Exercise objective: Set down the line that contains "23. februāra Saeimas sēde" and every line after it to the end of the entries, exactly as they stand and nothing more.

Records excerpted from a collection
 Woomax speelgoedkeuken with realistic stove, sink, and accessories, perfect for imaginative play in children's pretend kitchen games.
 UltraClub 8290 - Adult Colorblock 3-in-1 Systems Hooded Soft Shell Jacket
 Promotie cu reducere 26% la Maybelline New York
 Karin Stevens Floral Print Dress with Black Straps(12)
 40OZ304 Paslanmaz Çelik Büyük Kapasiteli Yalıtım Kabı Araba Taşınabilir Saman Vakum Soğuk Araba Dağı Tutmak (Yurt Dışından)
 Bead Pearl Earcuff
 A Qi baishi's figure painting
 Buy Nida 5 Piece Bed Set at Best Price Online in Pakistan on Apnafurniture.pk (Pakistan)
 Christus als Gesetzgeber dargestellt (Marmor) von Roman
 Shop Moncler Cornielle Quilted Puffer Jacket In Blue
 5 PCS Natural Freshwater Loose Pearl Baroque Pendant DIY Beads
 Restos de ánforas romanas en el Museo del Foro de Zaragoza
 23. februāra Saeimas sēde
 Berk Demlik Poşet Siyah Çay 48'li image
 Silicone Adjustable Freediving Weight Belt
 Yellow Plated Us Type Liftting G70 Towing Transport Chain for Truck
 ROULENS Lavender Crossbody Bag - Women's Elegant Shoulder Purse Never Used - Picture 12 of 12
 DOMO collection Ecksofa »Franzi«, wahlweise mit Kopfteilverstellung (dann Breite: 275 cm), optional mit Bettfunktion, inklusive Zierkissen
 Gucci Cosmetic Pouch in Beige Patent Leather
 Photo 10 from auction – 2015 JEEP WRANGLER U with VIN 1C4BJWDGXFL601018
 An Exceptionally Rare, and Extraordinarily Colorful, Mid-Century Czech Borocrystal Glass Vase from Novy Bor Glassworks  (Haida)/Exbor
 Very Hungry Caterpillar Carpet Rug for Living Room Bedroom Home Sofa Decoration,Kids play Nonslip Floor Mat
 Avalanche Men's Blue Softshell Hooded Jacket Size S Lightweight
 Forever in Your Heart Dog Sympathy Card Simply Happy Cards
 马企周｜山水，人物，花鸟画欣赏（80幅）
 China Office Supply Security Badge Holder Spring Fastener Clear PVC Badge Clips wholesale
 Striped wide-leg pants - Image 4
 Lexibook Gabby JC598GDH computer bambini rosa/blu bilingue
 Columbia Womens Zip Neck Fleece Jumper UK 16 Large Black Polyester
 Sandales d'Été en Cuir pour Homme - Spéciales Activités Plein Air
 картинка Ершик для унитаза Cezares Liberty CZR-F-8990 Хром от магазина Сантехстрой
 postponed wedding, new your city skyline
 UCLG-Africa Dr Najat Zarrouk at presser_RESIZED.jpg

Answer section:
 23. februāra Saeimas sēde
 Berk Demlik Poşet Siyah Çay 48'li image
 Silicone Adjustable Freediving Weight Belt
 Yellow Plated Us Type Liftting G70 Towing Transport Chain for Truck
 ROULENS Lavender Crossbody Bag - Women's Elegant Shoulder Purse Never Used - Picture 12 of 12
 DOMO collection Ecksofa »Franzi«, wahlweise mit Kopfteilverstellung (dann Breite: 275 cm), optional mit Bettfunktion, inklusive Zierkissen
 Gucci Cosmetic Pouch in Beige Patent Leather
 Photo 10 from auction – 2015 JEEP WRANGLER U with VIN 1C4BJWDGXFL601018
 An Exceptionally Rare, and Extraordinarily Colorful, Mid-Century Czech Borocrystal Glass Vase from Novy Bor Glassworks  (Haida)/Exbor
 Very Hungry Caterpillar Carpet Rug for Living Room Bedroom Home Sofa Decoration,Kids play Nonslip Floor Mat
 Avalanche Men's Blue Softshell Hooded Jacket Size S Lightweight
 Forever in Your Heart Dog Sympathy Card Simply Happy Cards
 马企周｜山水，人物，花鸟画欣赏（80幅）
 China Office Supply Security Badge Holder Spring Fastener Clear PVC Badge Clips wholesale
 Striped wide-leg pants - Image 4
 Lexibook Gabby JC598GDH computer bambini rosa/blu bilingue
 Columbia Womens Zip Neck Fleece Jumper UK 16 Large Black Polyester
 Sandales d'Été en Cuir pour Homme - Spéciales Activités Plein Air
 картинка Ершик для унитаза Cezares Liberty CZR-F-8990 Хром от магазина Сантехстрой
 postponed wedding, new your city skyline
 UCLG-Africa Dr Najat Zarrouk at presser_RESIZED.jpg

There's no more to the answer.